WHAT IS EXPECTED: The expected answer is all of the entries, written out exactly.

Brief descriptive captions
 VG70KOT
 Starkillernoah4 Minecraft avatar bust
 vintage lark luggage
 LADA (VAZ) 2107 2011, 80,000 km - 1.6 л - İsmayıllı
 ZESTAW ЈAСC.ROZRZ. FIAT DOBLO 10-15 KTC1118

ANSWER TO THE PROBLEM:
 VG70KOT
 Starkillernoah4 Minecraft avatar bust
 vintage lark luggage
 LADA (VAZ) 2107 2011, 80,000 km - 1.6 л - İsmayıllı
 ZESTAW ЈAСC.ROZRZ. FIAT DOBLO 10-15 KTC1118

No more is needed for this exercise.